ACTION ITEM: For the material that follows, return exactly the lines from the one with "ducks in pond" through the one with "cat with pendant", both ends included.

INPUT DATA:
━━━━━━━━

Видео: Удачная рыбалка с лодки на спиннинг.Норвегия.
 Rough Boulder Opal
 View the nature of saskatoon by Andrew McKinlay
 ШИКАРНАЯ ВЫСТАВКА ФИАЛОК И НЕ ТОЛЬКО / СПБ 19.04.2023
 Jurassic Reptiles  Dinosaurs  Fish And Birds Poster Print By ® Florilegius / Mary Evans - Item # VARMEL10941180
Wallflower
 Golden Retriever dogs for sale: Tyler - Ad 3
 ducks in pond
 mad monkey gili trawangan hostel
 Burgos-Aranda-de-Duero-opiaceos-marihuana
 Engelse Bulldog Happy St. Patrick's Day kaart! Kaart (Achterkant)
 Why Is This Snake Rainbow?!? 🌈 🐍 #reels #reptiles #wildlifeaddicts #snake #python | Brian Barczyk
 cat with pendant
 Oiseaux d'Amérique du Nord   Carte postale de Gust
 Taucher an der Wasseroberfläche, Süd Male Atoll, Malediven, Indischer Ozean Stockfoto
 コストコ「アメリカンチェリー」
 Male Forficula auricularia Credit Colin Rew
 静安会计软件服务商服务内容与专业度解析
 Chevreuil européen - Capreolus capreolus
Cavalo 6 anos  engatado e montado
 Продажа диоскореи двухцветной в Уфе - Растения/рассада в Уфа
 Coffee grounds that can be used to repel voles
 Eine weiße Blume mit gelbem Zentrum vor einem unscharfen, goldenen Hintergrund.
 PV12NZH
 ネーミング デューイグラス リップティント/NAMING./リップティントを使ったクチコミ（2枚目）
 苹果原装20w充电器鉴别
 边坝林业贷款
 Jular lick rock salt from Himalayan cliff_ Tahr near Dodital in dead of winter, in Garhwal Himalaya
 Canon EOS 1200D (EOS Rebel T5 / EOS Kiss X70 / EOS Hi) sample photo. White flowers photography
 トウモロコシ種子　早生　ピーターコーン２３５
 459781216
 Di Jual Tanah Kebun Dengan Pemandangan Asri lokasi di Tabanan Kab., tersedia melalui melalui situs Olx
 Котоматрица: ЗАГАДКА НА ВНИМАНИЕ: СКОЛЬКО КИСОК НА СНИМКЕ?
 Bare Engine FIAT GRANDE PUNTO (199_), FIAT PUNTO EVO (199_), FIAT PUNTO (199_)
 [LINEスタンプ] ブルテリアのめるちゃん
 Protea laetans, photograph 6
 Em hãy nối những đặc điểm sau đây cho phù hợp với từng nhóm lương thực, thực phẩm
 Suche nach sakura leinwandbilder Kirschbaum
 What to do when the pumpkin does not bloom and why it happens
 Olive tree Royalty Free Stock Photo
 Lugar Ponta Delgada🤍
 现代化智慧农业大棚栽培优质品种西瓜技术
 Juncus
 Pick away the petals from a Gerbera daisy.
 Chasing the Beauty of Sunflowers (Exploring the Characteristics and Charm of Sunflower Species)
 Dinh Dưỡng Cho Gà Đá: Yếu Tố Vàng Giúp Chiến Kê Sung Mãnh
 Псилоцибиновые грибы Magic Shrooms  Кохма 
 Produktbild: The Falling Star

━━━━━━━━

ANSWER TO THIS EXERCISE:
 ducks in pond
 mad monkey gili trawangan hostel
 Burgos-Aranda-de-Duero-opiaceos-marihuana
 Engelse Bulldog Happy St. Patrick's Day kaart! Kaart (Achterkant)
 Why Is This Snake Rainbow?!? 🌈 🐍 #reels #reptiles #wildlifeaddicts #snake #python | Brian Barczyk
 cat with pendant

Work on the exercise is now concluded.